The second part of our exclusive interview with the Foreign Manager of the Daily Telegraph, Paul Hill…
Freelancers looking to get their work published in papers like the Telegraph must also consider existing coverage, page space and relevance, Paul says.
“We’ve only got about three foreign pages. Out of the 60 stringers we’ve got, plus a dozen staff, plus all the wires, we’ve got pretty good existing coverage!”
That doesn’t put off the pretenders though.
“We’ve got an awful lot of wannabe stringers on file,” Paul continues. “We have people asking where they can be our stringers and where the holes in our coverage are. But in many of these places there’s no UK interest and unless there are Brits involved I would wonder why the hell the story was in the paper, and so would my readers.
“But if say President Mugabe was shot, we’d expect reams of coverage because there’s a huge British interest in that country. So, it doesn’t have to have a British angle as such, but there must be a British interest at least.”
Any freelancer worth their salt has written on-spec and tried to sell their story by cold-calling a foreign desk. What does Paul make of this?
“We get stringers who send stories over to us exclusively, on-spec and un-ordered. If they don’t get in the paper, they don’t get used anywhere else. If I see a good story from someone who’s done this I usually pay them a few quid because it’s probably not their fault the piece didn’t make it in.
“We don’t consider work from agency-focused stringers who send their stories to everyone.”
If you consistently make the grade and manage not to upset the paper you’ve aimed your work at then you can become a super-stringer, Paul explains.
“It means you almost become staff on that paper. You get a paid retainer and we pay for your travel and send you on assignments.”
“But for everyone else out there, it’s a tough life,” he says. “And unless you’re a super-stringer who’s retained by one paper, write for as many papers as you can.
Just watch who you approach and make sure there aren’t any crossovers, Paul advises.
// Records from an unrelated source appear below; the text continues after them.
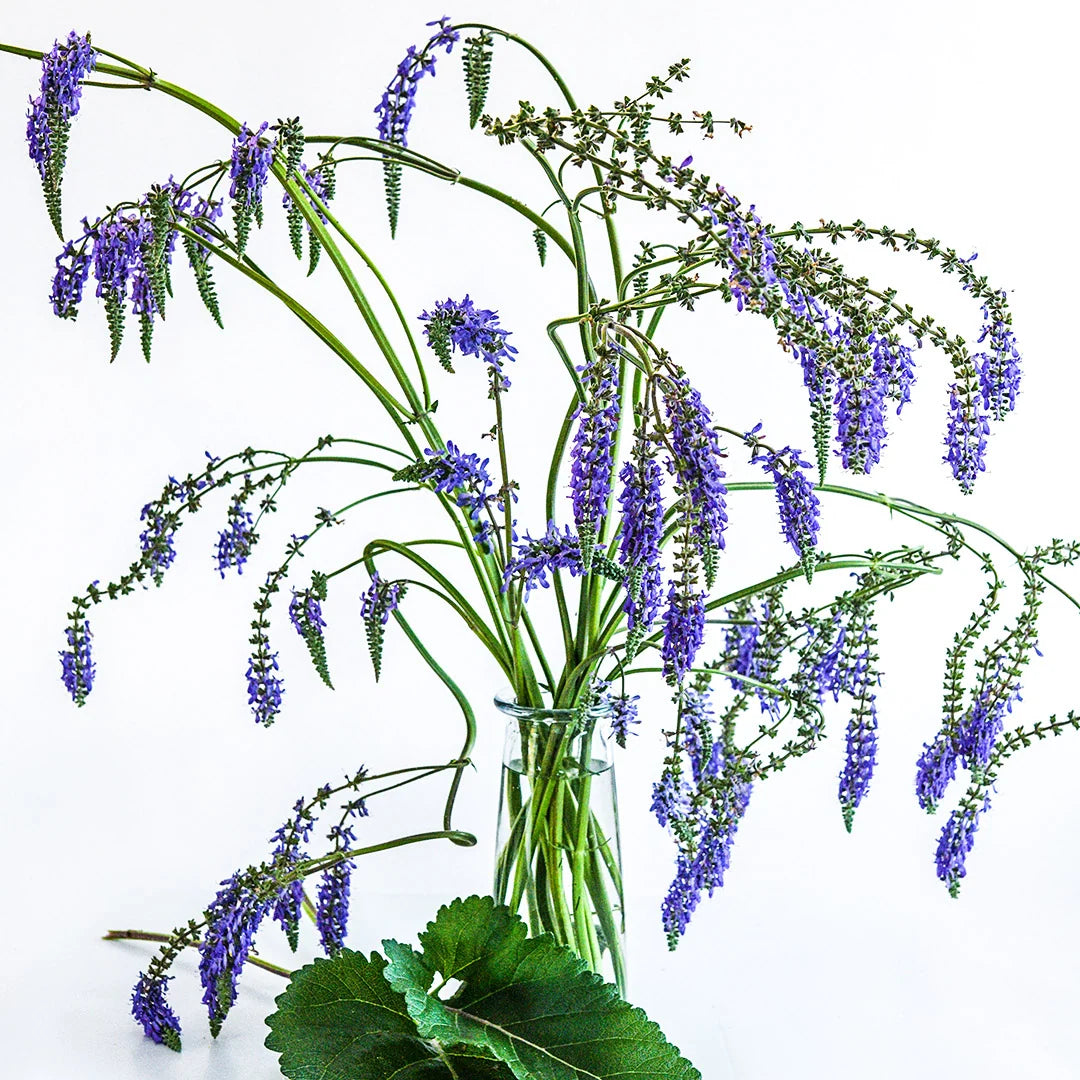 SALVIA NODDING SAGE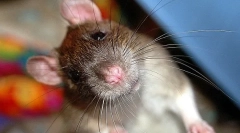 Dlaczego szczur puka, kliknie i skrzypienie zębami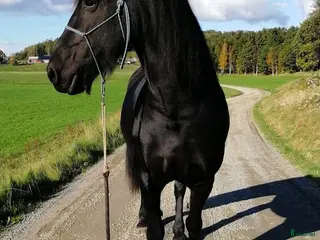 hästar Frieser med skinn på näsan! - Annons 1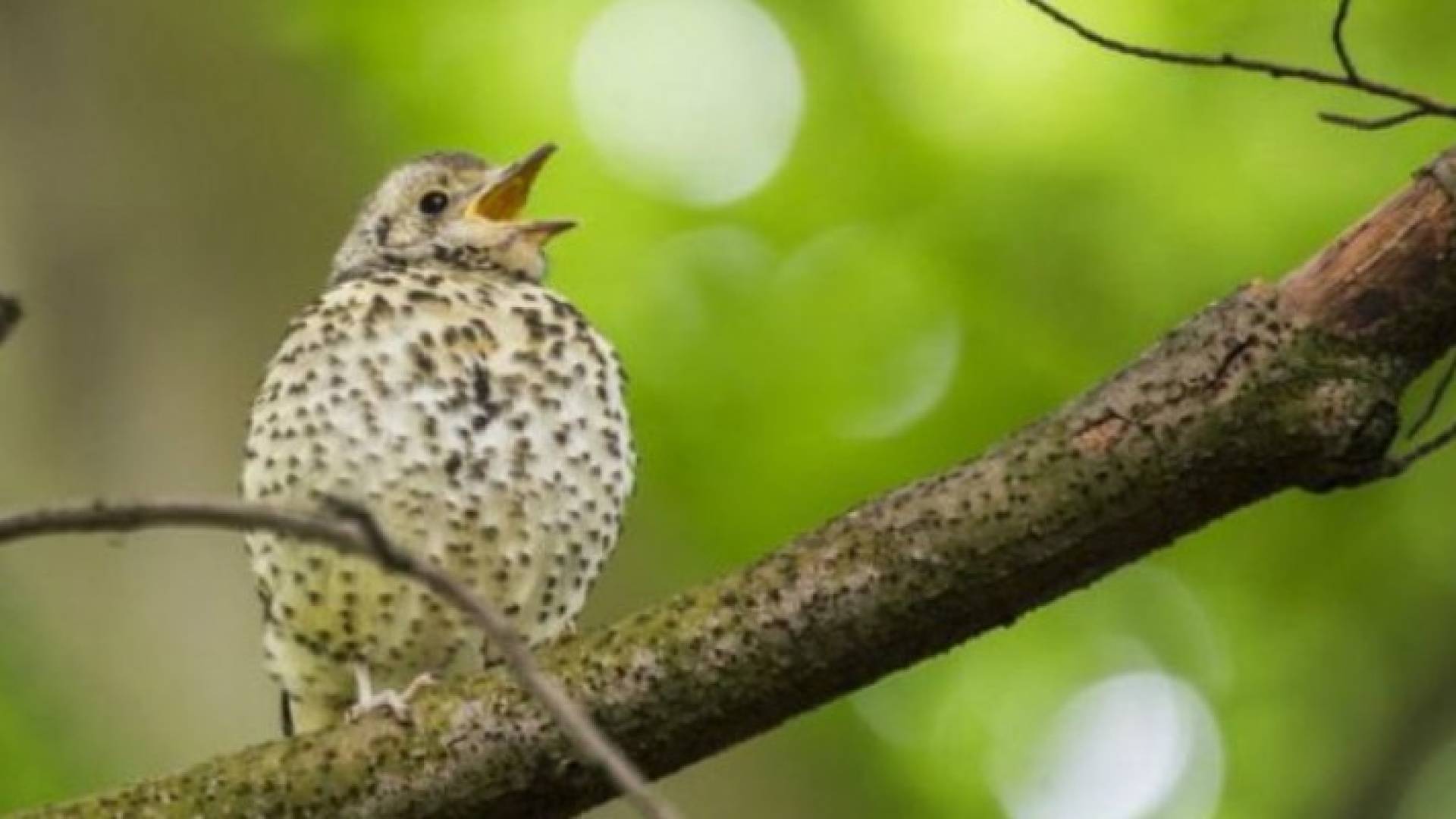  أطلقت الشركة البريطانية على التكنولوجيا الجديدة اسم "التغريد" لاعتمادها على الإشارة الصوتية في نقل البيانات 
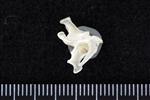 Thick-Billed Murre (Cervical Vertebrae 3 (Axial) - Right)
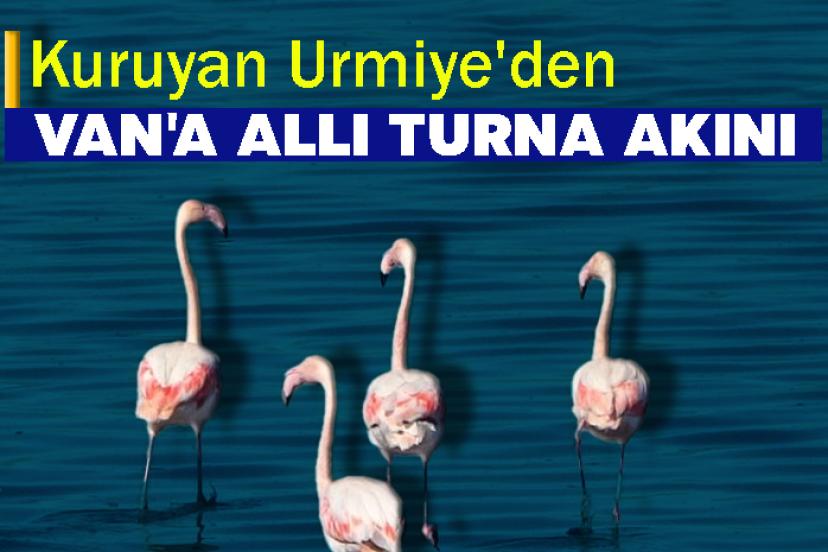 Kuruyan Urmiye'den Van'a Allı Turna Akını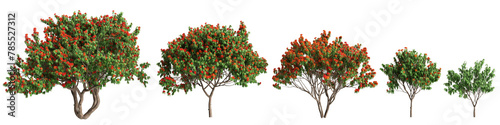 3d illustration of set Saraca asoca tree isolated on transparent background photo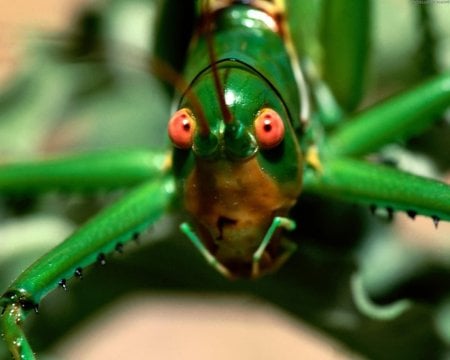 insect closeup 9 - insect, green, insect-closeup-9, closeup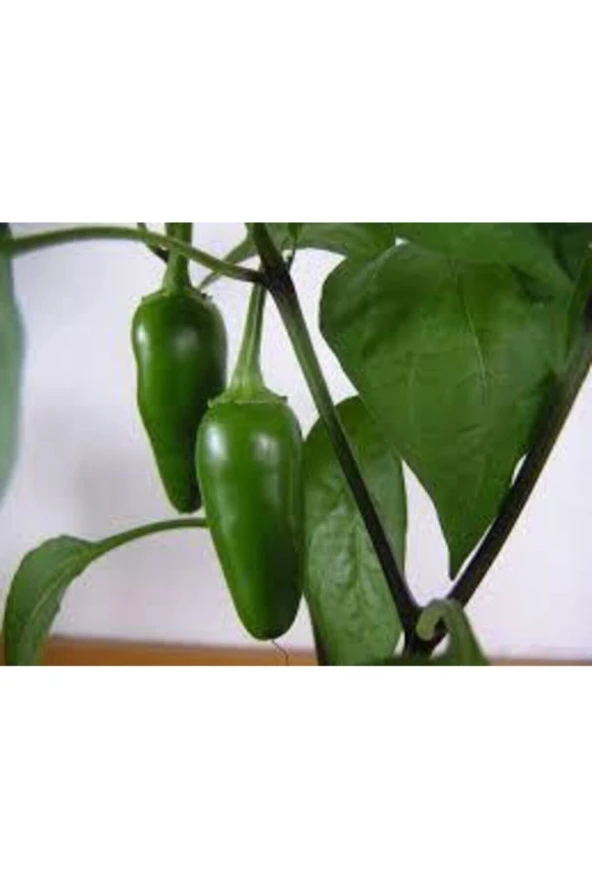 5 Adet Tohum Ithal Acı Jalapeno Biberi Tohumu Meksika Biberi Tohumu Süpriz Hediye Tohum Zehir Acı ürün görseli 1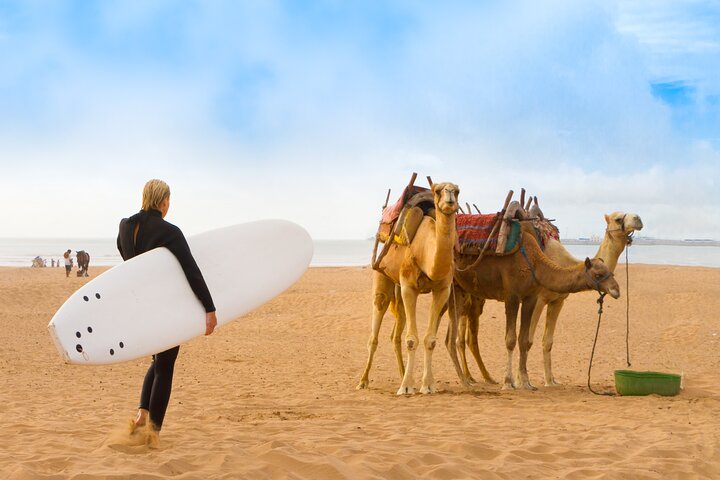 11 Days Private Summer Tour From Casablanca by Coastal Cities - Image 4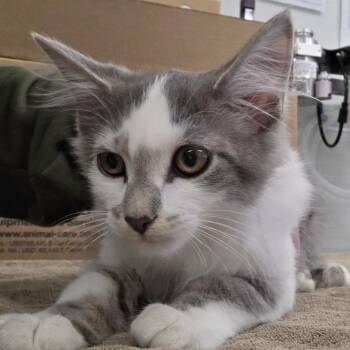 Trader Joe -  Domestic Medium Hair Cat for Adoption - Trader Joe | PetCurious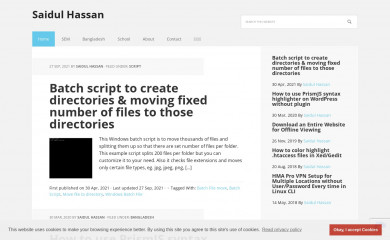 saidulhassan.com screenshot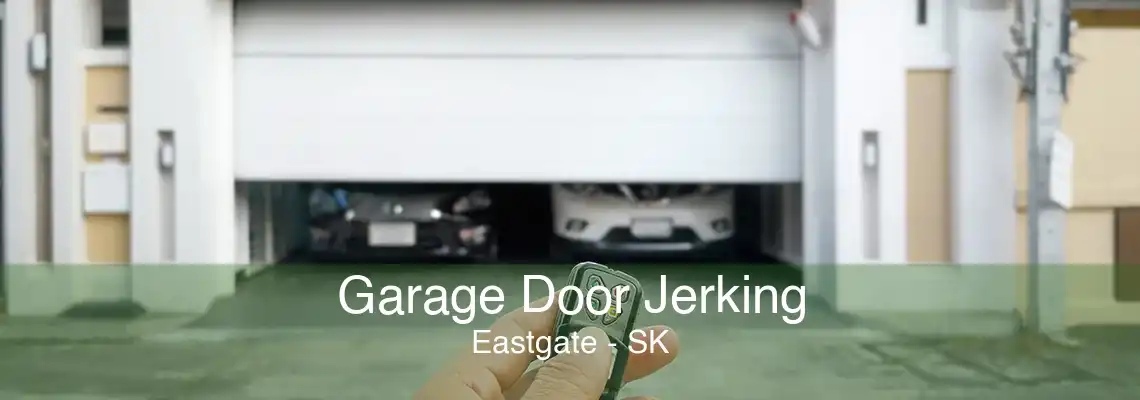 Garage Door Jerking Eastgate - SK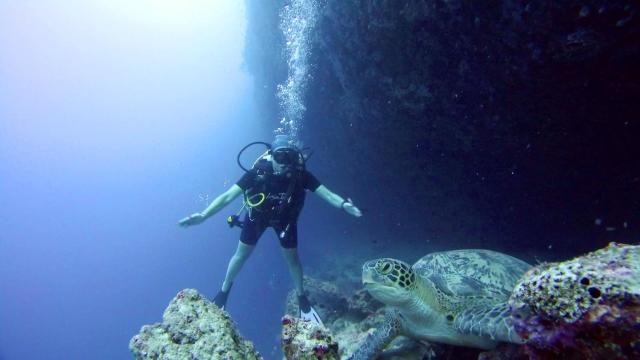 Equatorial Divers Lodge — photo 9
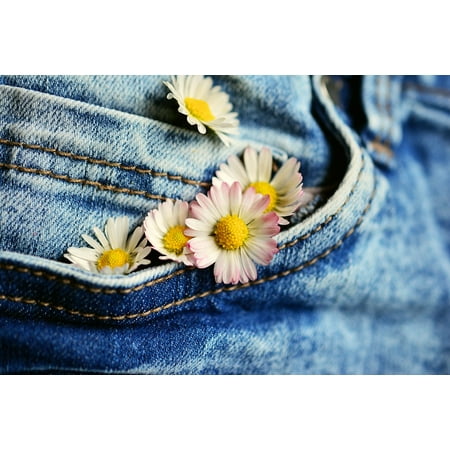 LAMINATED POSTER Textile Denim Flowers Jeans Daisy Greeting Pocket Poster Print 24 x 36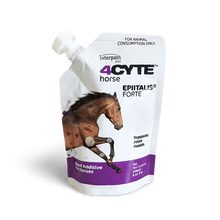 4CYTE Epiitalis Forte Gel Horses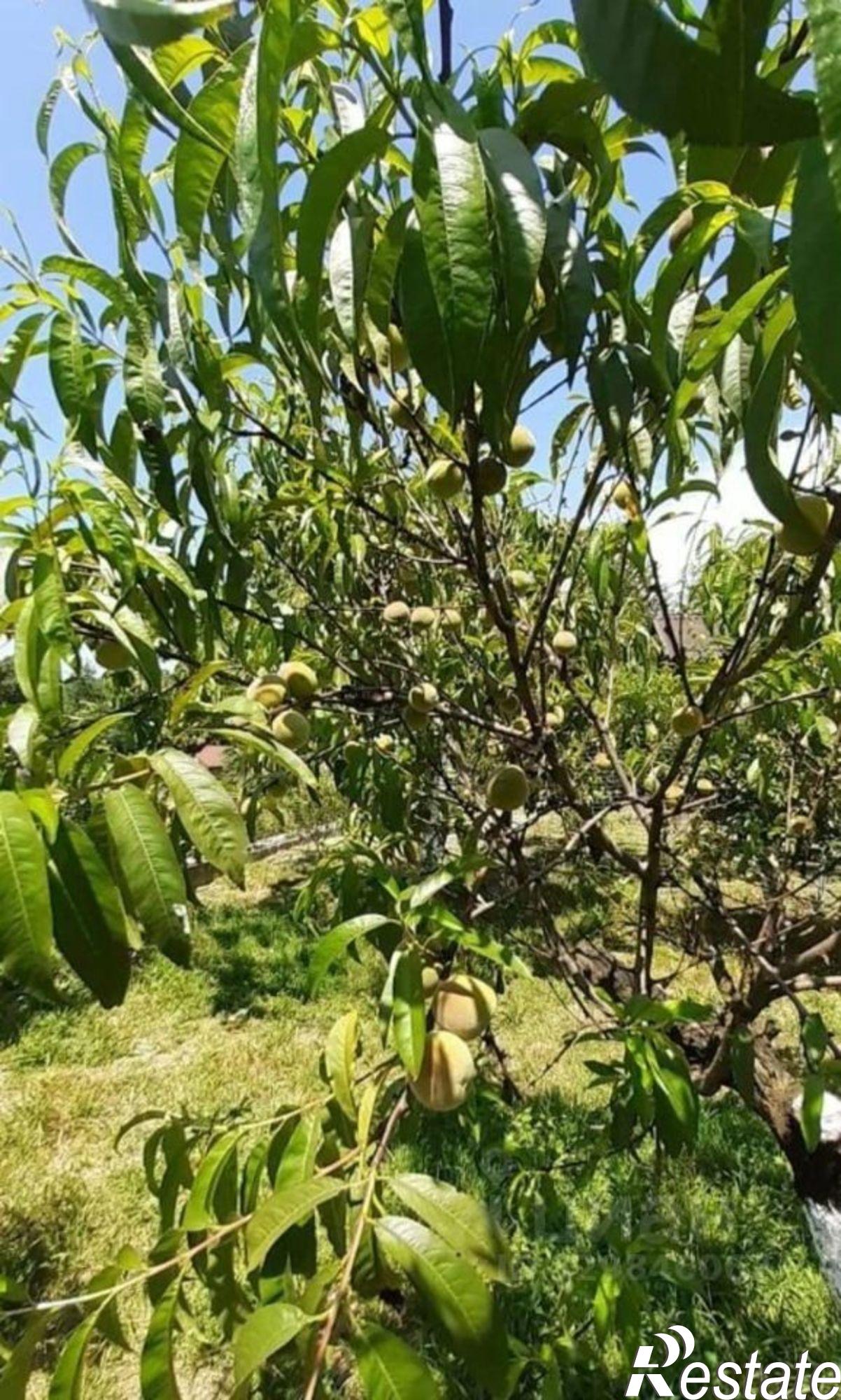 Купить дачу, дом, коттедж за 38 000 000 рублей на улица Туманяна, 28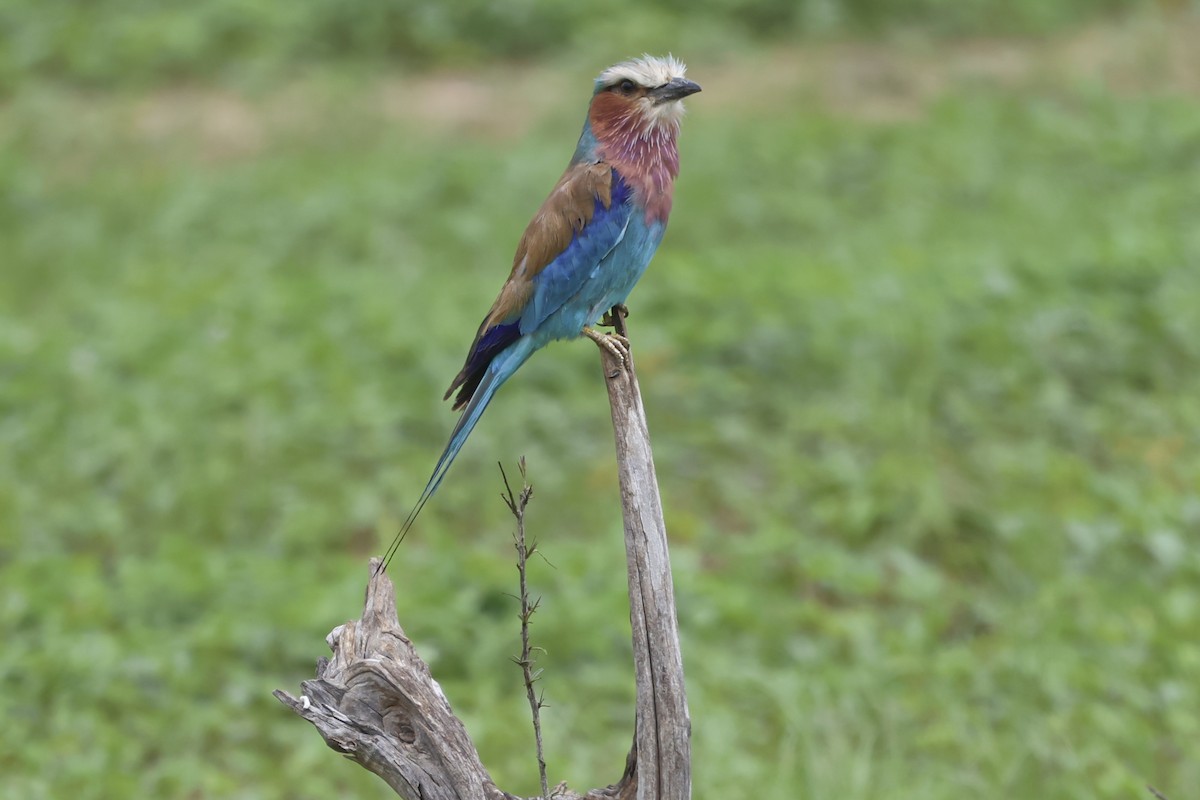 Lilac-breasted Roller - ML637497623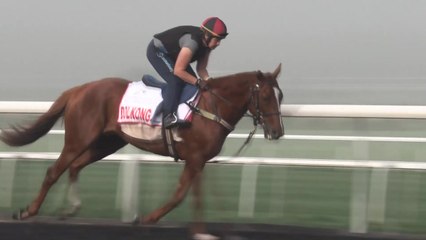 한국 경주마 '돌콩' 세계 최고 상금 '두바이월드컵' 11위 / YTN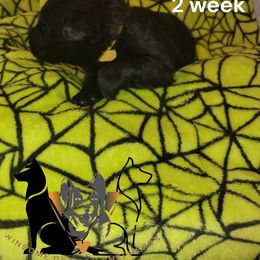 German Shepherd Puppies from Winsome German Shepherds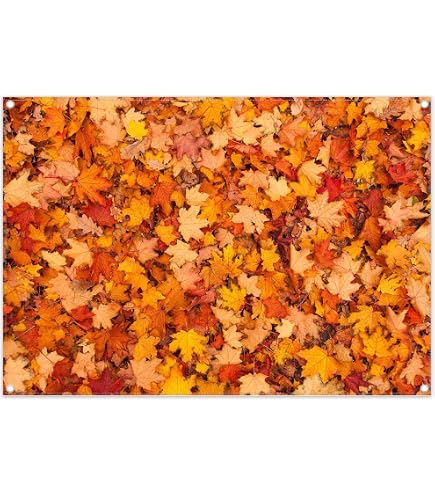 Toile De Fond Déco Automne 2.1x1.5 M - Motif Feuilles D'érable - Pour Photo, Fête Friendsgiving, Baby Shower, Décoration | En Polyester, Lavable - 3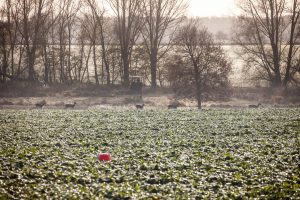 Familienbetriebe Land und Forst Schleswig-Holstein e.V.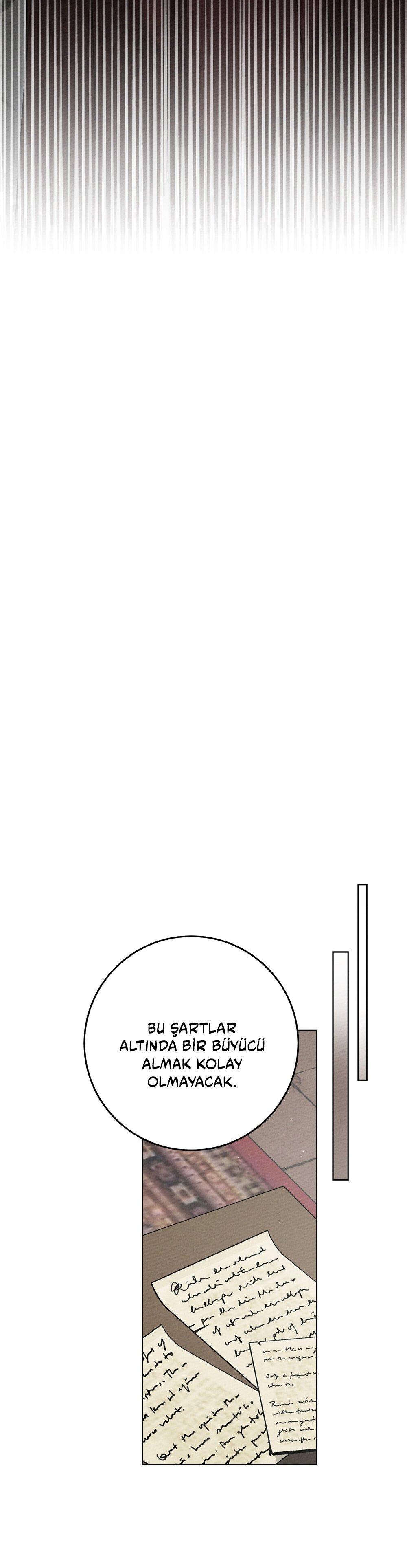 49-cm355pvvs0000ieyxlberxfl4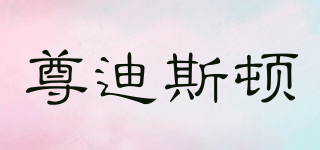zundsdun/尊迪斯頓品牌logo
“Filing to both The Telegraph and The Sun is fine because there’s no conflict between the two. But you can’t write for The Times and The Telegraph or The Guardian and The Telegraph, that’s not going to win you any friends.
“But build up your base and if one paper doesn’t take it another might or a TV or radio station might – and there’s your money.”
So how does one make the leap from moving from freelancing to the holy grail of becoming staff?
“You need to be able to have a good story, be ready to travel, don’t give us much grief, make sure you get there and get the story before anyone else and write really good copy,” Paul says.
“Our Thailand stringer came on staff on the foreign desk two months ago, he proved himself over a number of years and is now no longer a humble stringer.
“You have to be able to go anywhere at a moment’s notice. Sometimes it’s a case of tapping them on the shoulder and telling them to be on the next plane from Heathrow. There’s no room for ‘My wife’s having a dinner party tonight”. Tough luck! I’ve lost count of the holidays I’ve destroyed.
“If a major event breaks and we have a freelancer who speaks the language or has a special knowledge of the country, then bang, off they go and if they don’t drop everything and go then we won’t use them again.
“If they’re getting married we might let them off. But the story has to come first, that’s the dedication of journalism.”
Paul shrugs off would-be journalists who approach him waving their academic qualifications as proof of their capability.
“Just because your grammar is good and you can write an essay doesn’t mean you have a nose for news,” he explains.
“When the story broke about a homosexual MP, caught having sex with a rent boy the news editor of the day looked round the newsroom and told this young journalism school grad to go and doorstep him.
“The lad looked blank and the news editor painfully explained what it was. Then the lad, still bemused, asked how to find out where the MP lived. Any other professional would have been out the door before the news editor had finished giving them the assignment.”
Paul remembers the requisite two-and-a-half years’ experience on a local before a national would even consider a graduate as an applicant.
“CVs went straight in the bin if you didn’t have that experience. But then Conrad Black came in and wanted to cut expenditure so they sacked about 40 journalists and hired a bunch of boys and girls clutching their diplomas. It was a complete disaster and they lost all the experience the old staffers had gathered over years.”